Dear Andrea - So so sorry for the loss of your beloved Jack. I also know what you are going through. Family and friends have no idea. That is why I come here regularly, as I find comfort being here with others who understand the despair we feel. My beloved partner of 20 years Pete died suddenly 9 weeks ago. After the initial shock, I thought I was doing ok, but then out of the blue, reality smacks me in the face every day. I think the best we can do is face one day at a time, let the tears flow when they come, and don't ever let any one tell you they know how you feel, because they don't. They have no idea. The despair truly sucks. Be kind to yourself Andrea, and take one day at a time, as I do.

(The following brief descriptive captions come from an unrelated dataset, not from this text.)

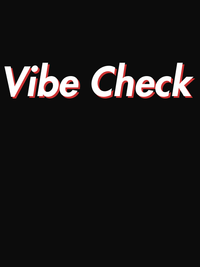 Thumbnail for Vibe Check T-Shirt - Black - Decorate View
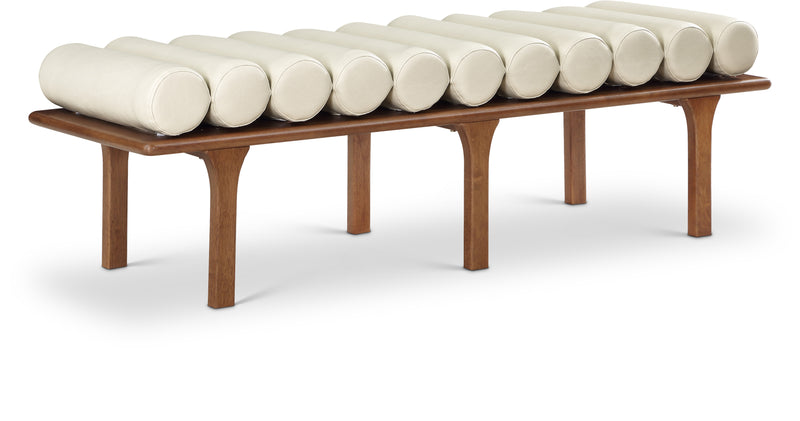 Landon Faux Leather Bench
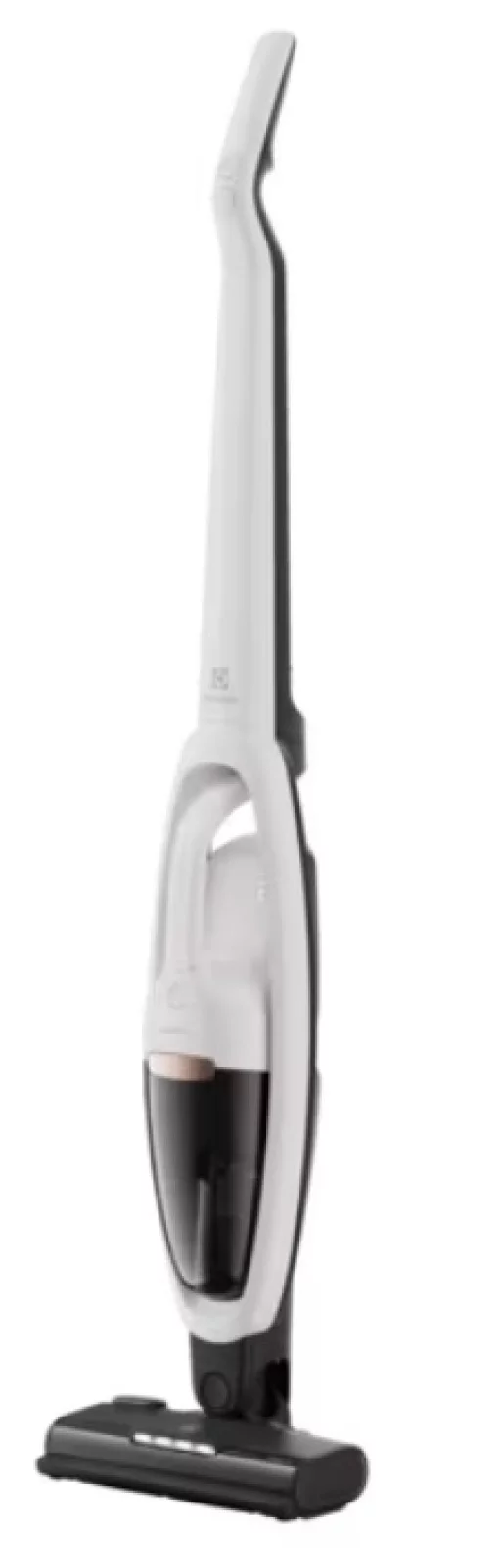 Пилосос Electrolux безпровідний, конт пил -0.3л, автон. робота до 55хв, вага-2.8кг, НЕРА, 2в1, турбо-щітка, BRC, 4 насадки, білий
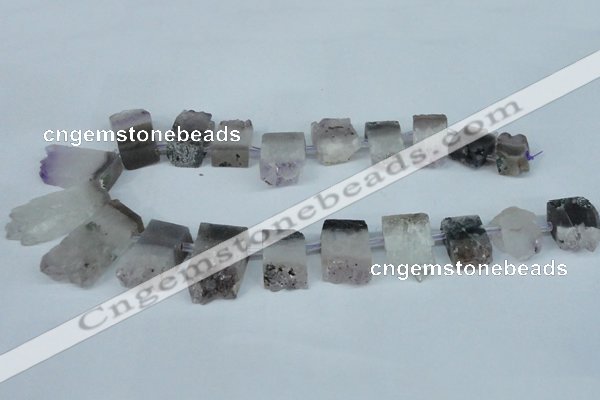 CTD631 Top drilled 15*18mm - 16*35mm freeform amethyst beads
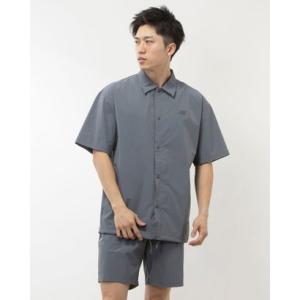 ニューバランス New Balance メンズ 半袖シャツ マルチファンクションシャツ_ショートスリーブ AMT45099 （ブルー）｜locondo-shopping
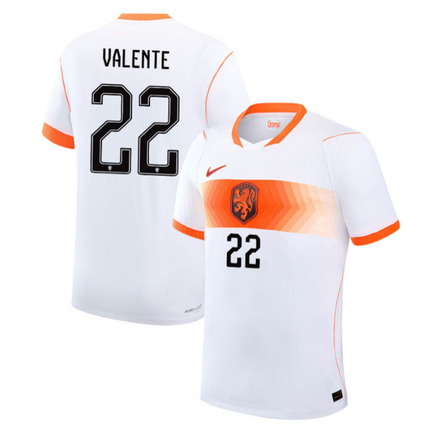 Luciano Valente Netherlands National Team 2026 Away Stadium Jersey - White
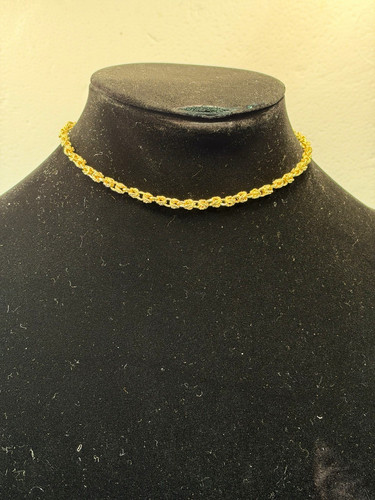 24k yellow gold - gold, rope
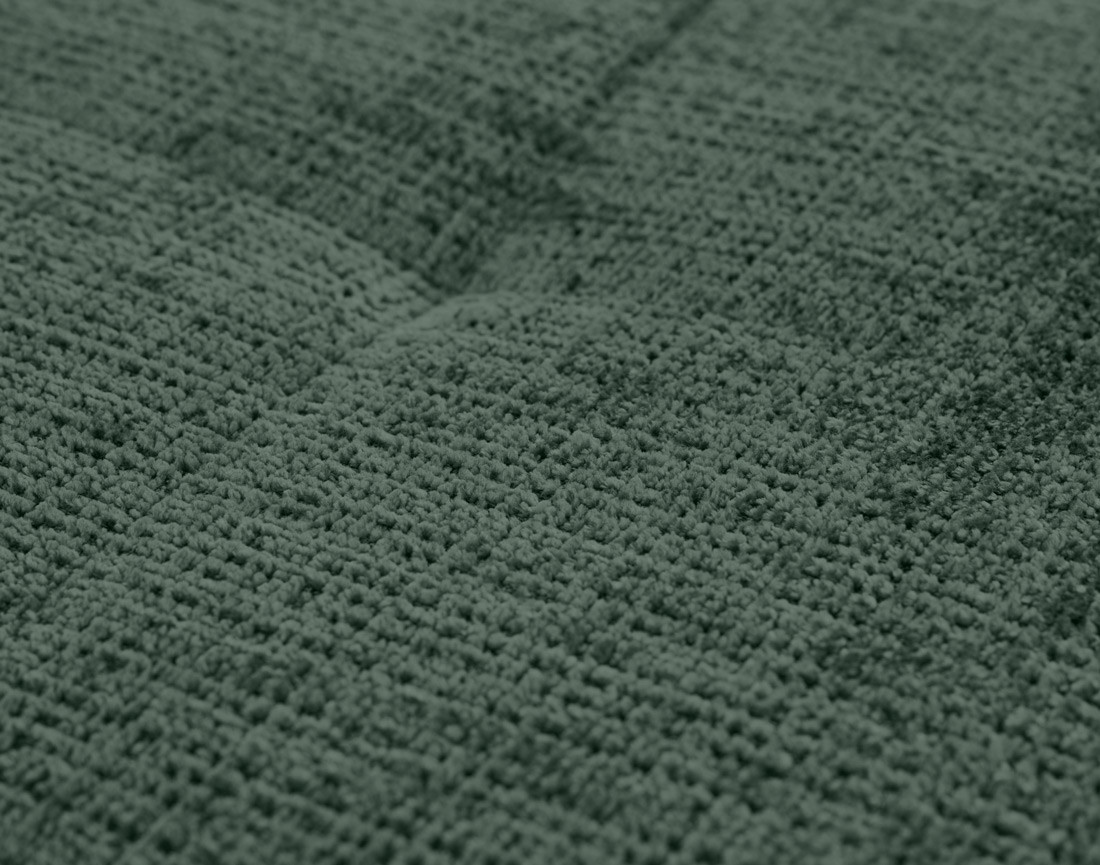 Canapé d'angle gauche 4 places en velours texturé Rune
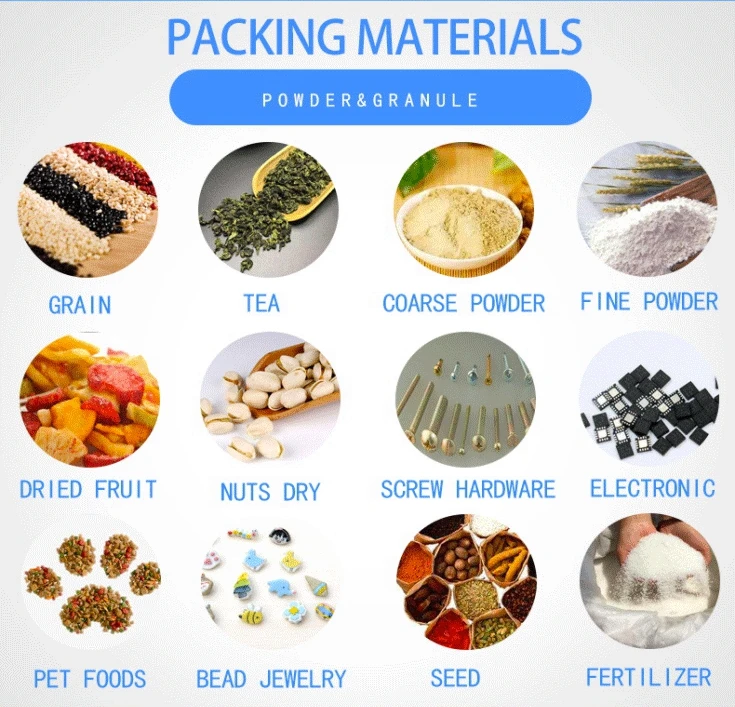

Manual food sugar candy chocolate granule rice strip plastic film bag packing machine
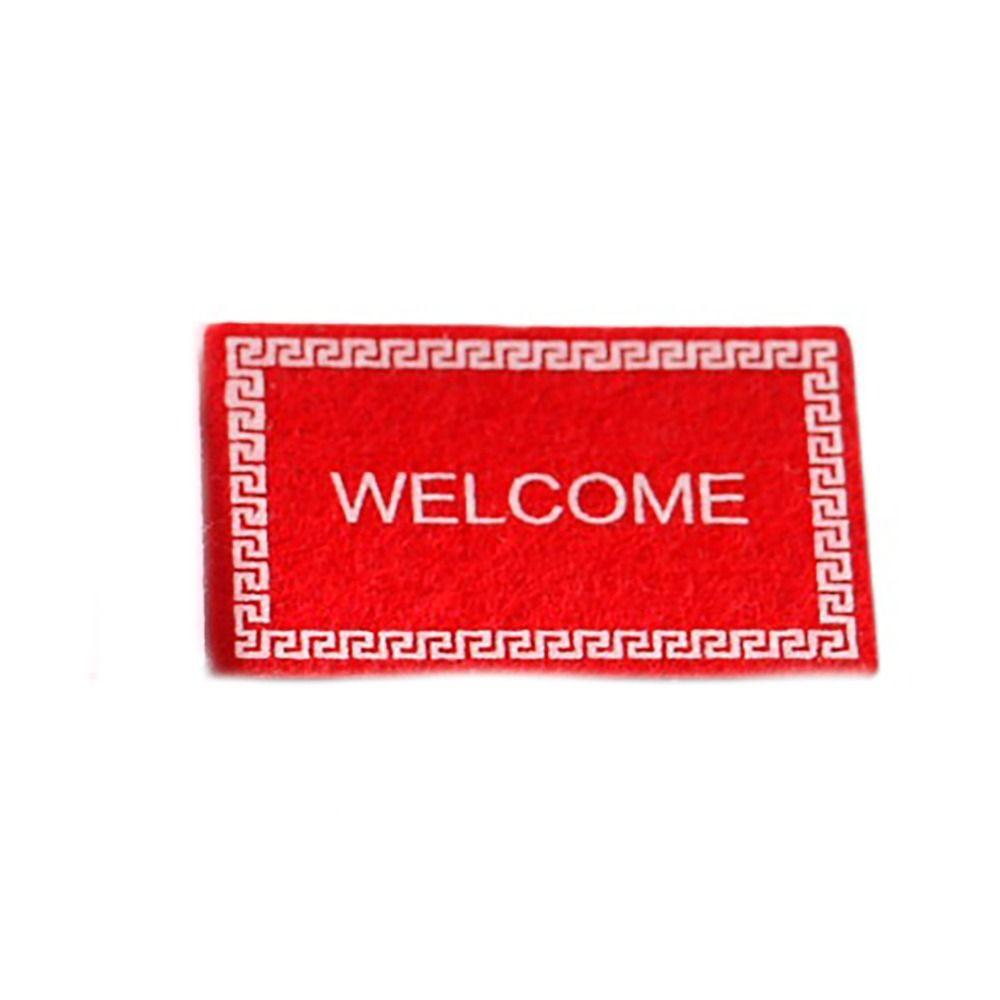 

4 шт. Универсальный коврик для входной двери, красочный, для украшения мебели кукольного домика, модный напольный коврик Red-4pcs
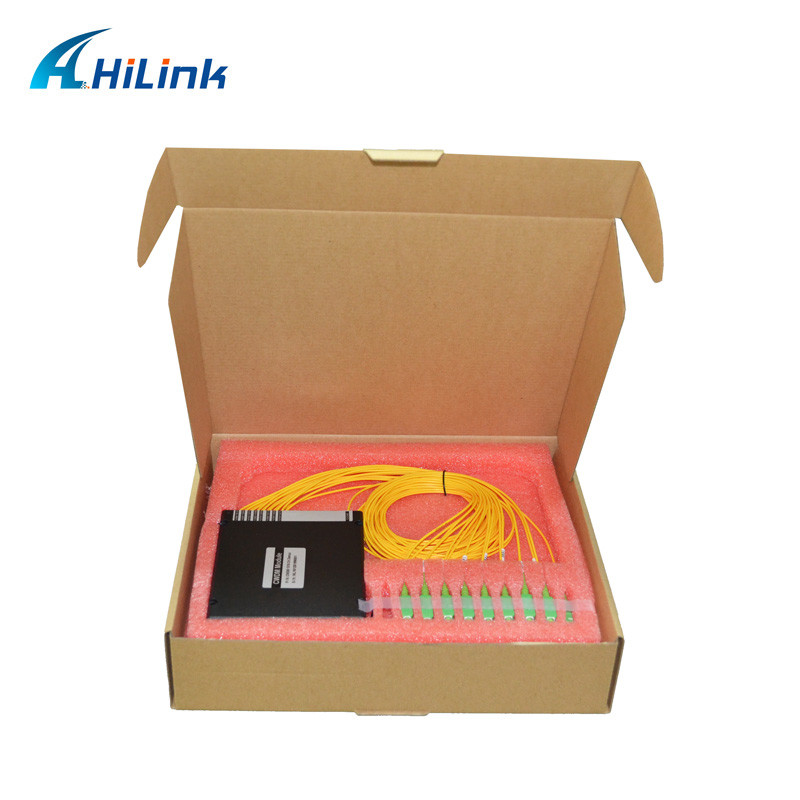 Fiber Optical CWDM Mutiplexer Module ABS Box 1X16CH 1611nm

Big warm hugs to you, sweetheart. Please take care.

Jan 25, 2014
my Jack
by: Anonymous--MI

The date that you posted caught my attention as my beloved husband of 43 yrs died on Nov. 18, 2012 and I am truly sorry that you are having to travel this road of grief. It has been 14 months for me and I know exactly what you are going through-the shock, the emptiness, the sheer horror of what has happened to our lives as we once knew and loved. Wonderful people on this site will tell you to take one day at a time. To not think too far ahead and worry about 6 months or even one month from now. There is a great deal of learning in the first year after our loved one dies; especially for widows who depended on husbands for so many things in the financial and business aspect and the decision making that we never had to do. I want you to know, that we are stronger than we ever knew we could be. We have a choice to try to move forward for our families but we need to keep going for ourselves, our sanity and our very life. It is a very difficult and sad journey we are on but keep trying to go one day--one decision--one step at a time. I am still broken hearted and so missing my husband but God gives me strength for what I need to do and I pray that peace and contentment will come in God's time. He is my only hope of any joy to return to my life and I know that because of Jesus I will see my husband again in heaven. Best wishes to you for God's mercy and grace as you are dealing with the loss of your precious husband.

Jan 25, 2014
I know your pain
by: Anonymous

Andrea, I have been coming to this site for the past two years and three months since the loss of my husband. I just read your post and I felt I had to respond. You want to know how does one survive. You do it by coping with one day at a time, one foot in front of the other, and one breath at a time. It is not easy, there will be a good day and then there will be bad days. There will be ups and downs and life becomes a roller coaster.Even at this point in time my life is defined by getting through each and every day and I look forward to going to bed and know I have made it through another day. People go on with their lives and those of us who grieve are left behind but unfortunately unless you have been through a great loss such as ours they don't and can't understand. Just know that there are others on this site who understand and know just what you are going through and this has been a great comfort to me. It is early days for you and just be kind to yourself, if you need to cry then cry, if you need to yell then yell. You will learn to cope but it is not instantaneous, it will take time. I feel for you and for all of us who are grieving and as some wise person on this site quoted "one breath at a time".